“With this notification we would like to inform you that our in-house Website Performance Monitoring System (WPMS) has signaled that your account constantly uses a large amount of the server’s CPU resources. These excessive requests consume an abnormally high amount of CPU resources and endanger the overall performance of the server. Your account consume more then 55703.75 CPU seconds and 102195.00 CPU executions for the last 24 hours. (…) Unfortunately, your website’s server resource usage is not suitable for this server and that is why we will no longer be able to host it there.“
This is the message that waited for me in my inbox when I woke up last Thursday morning (grammar errors and typos included). A quick visit to mor10.com confirmed my panic: The site was down, replaced by a 503 error. Logging into my site admin panel I discovered the hosting provider had locked down my site banning access to any incoming visitors. And for good reason. A quick inspection of the resource logs showed something dramatic had happened during the night. Here are screenshots of the weekly stats and the execution log for the preceding 24 hours:
Thus began what would become a 16 hour battle with arrogant and ignorant tech support “specialists”.
Searching for a cause
Looking at the server loads it was apparent something was amiss. The causes for these types of spikes are few and should be easy enough to spot with some further investigation:
- Sudden popularity of an article (formerly known as the “Slashdot Effect” or “Digg Effect”)
- Denial of Service attack
- Scripting error
Considering the sudden and extreme spike in activity the Slashdot Effect was rather unlikely. This was further supported by checks of Google Analytics and Cloudflare stats which showed only a marginal increase in traffic during the same time period.

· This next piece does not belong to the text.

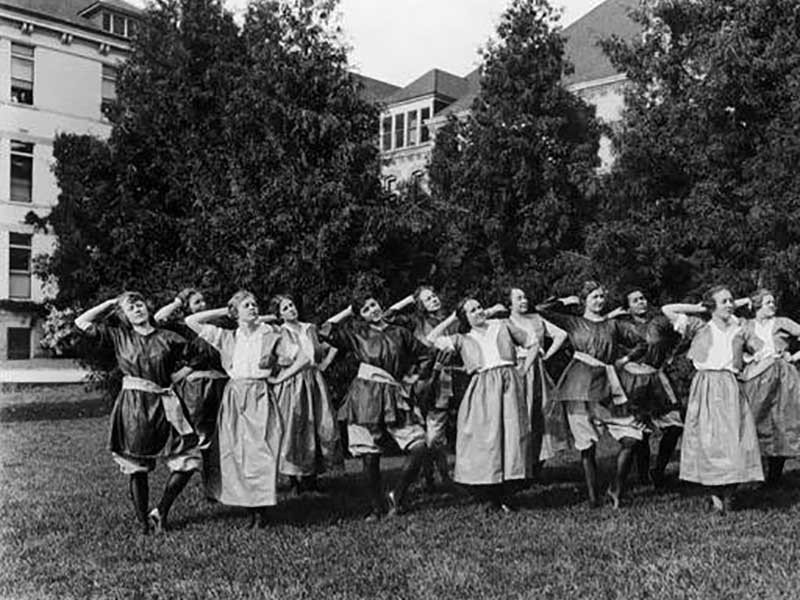 Mignon Barker Richmond with other women at the UAC 1921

The next obvious cause would be a DDoS attack. However when inspecting the traffic logs for mor10.com everything looked normal. The logs for the past 24 hours matched the logs for the previous 24 hours in size and variance. Odd.
Having eliminated option one and two the remaining options became a major concern. To get some clarity I contacted tech support and requested more information. An hour later I got a response saying they expected the sudden spike was caused by a “plugin”. (I say “plugin” in quotation marks because I would later realize that the tech support staff use the term “plugin” to mean any application that runs on the server.) Knowing what plugins run on my site I could quickly eliminate that as an option but I chose to manually remove all of them and re-install fresh versions just to make sure. While logged in to the back end I also cleared out the theme directory, uploaded a clean version of the current active theme, and did a full inspection of any and all activity on the file server in the last 24 hours. Nothing stood out and nothing had been changed apart from the .htaccess file (which the host used to lock down the site) and the files I had just changed.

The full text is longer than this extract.